Comment 11 Mark Millard 2024-01-28 21:57:52 UTC
(In reply to Yuri Victorovich from comment #5)

True.

But 1500006 was created in order to indicate the tool
chain update to llvm17,  not for a kernel update.
Comment 12 Mark Millard 2024-01-28 22:06:52 UTC
(In reply to Warner Losh from comment #7)

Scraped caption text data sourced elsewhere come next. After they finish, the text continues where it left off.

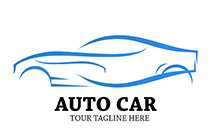 blue car sketch logo
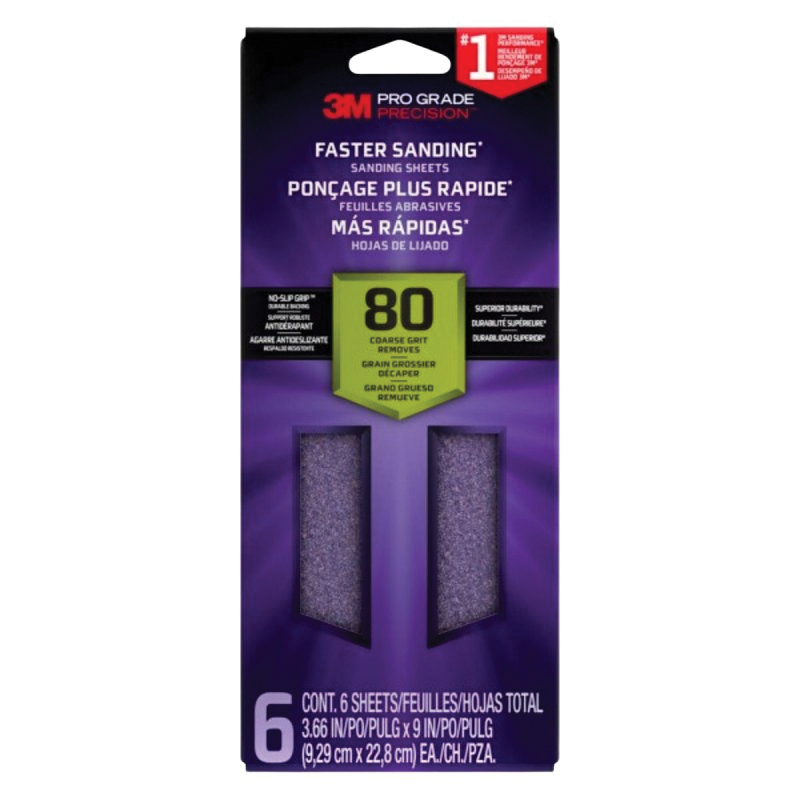 SHTR80-PGP-6T Sanding Sheet, 9 in L, 3-2/3 in W, Coarse, 80 Grit, Ceramic Alumina Abrasive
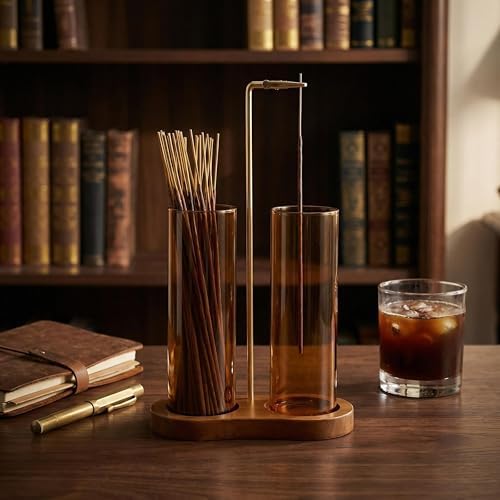 Amber Glass Incense Holder, Colorful Incense Sticks Burner Holder with Storage,Hang Upside Down Incense Holder for Sticks with Glass Ash Catcher for Meditation Yoga Spa Room Decor (Amber) - Image 5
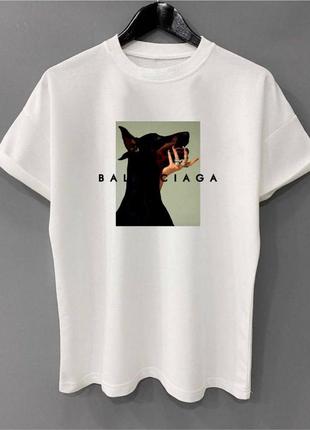 Женская футболка черная, белая доберман balenciaga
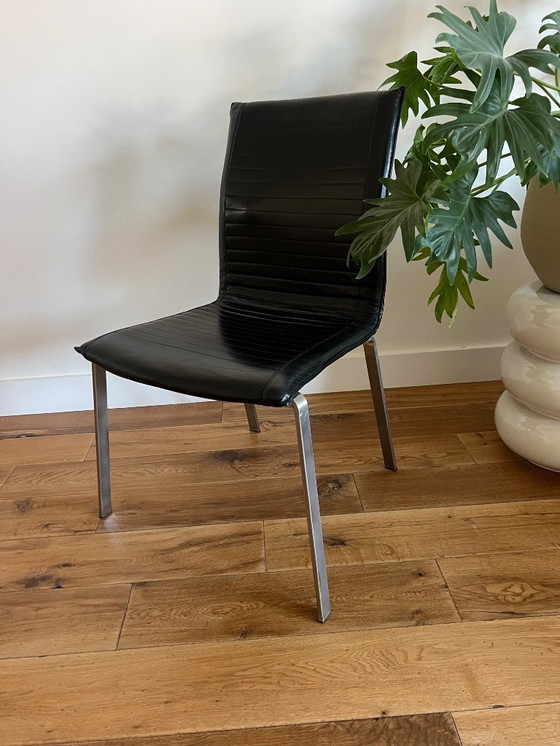 Image 1 of Vintage zwartleren eetkamerstoelen | prachtige staat  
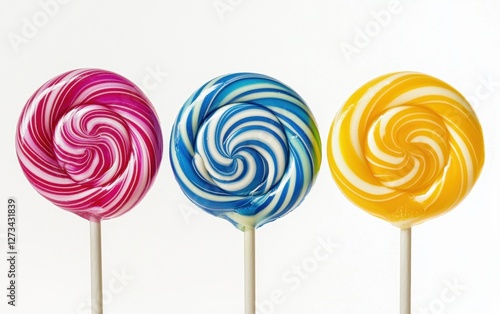 Colorful hard candy lollipops swirled with bright colors isolated on white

Offical ampere* based builds (that are based on jail OSVERSIONs
that use llvm16). No qemu use.
Comment 13 Dimitry Andric freebsd_committer freebsd_triage 2024-01-29 21:39:23 UTC
It's weird, I can find an upstream commit that appears to fix this hang, which is https://github.com/llvm/llvm-project/commit/56e60bc5bbfb8fdf2b22a897e8801c87771c84e8 ("TargetLowering: fix an infinite DAG combine in SimplifySETCC ") but it appears to have already been applied on llvm 17.0.6.

E.g. I thought I could apply that change and make it work, but now I am having trouble reproducing the original hang. :)
Comment 14 Dimitry Andric freebsd_committer freebsd_triage 2024-01-29 22:09:59 UTC
Ah, I was misled a bit. 14.0-RELEASE-p3 has clang 16.0.6, so it will indeed have this bug, as https://github.com/llvm/llvm-project/commit/56e60bc5bbfb (aka llvmorg-17-init-17782-g56e60bc5bbfb) was well after 16.0 released. It did make it into 17.0.0 though.

So maybe a workaround would be to use devel/17 for this port, at least when on 13.x and 14.x? And maybe only on arm64, since it seems to not be triggering the problem when targeting x86?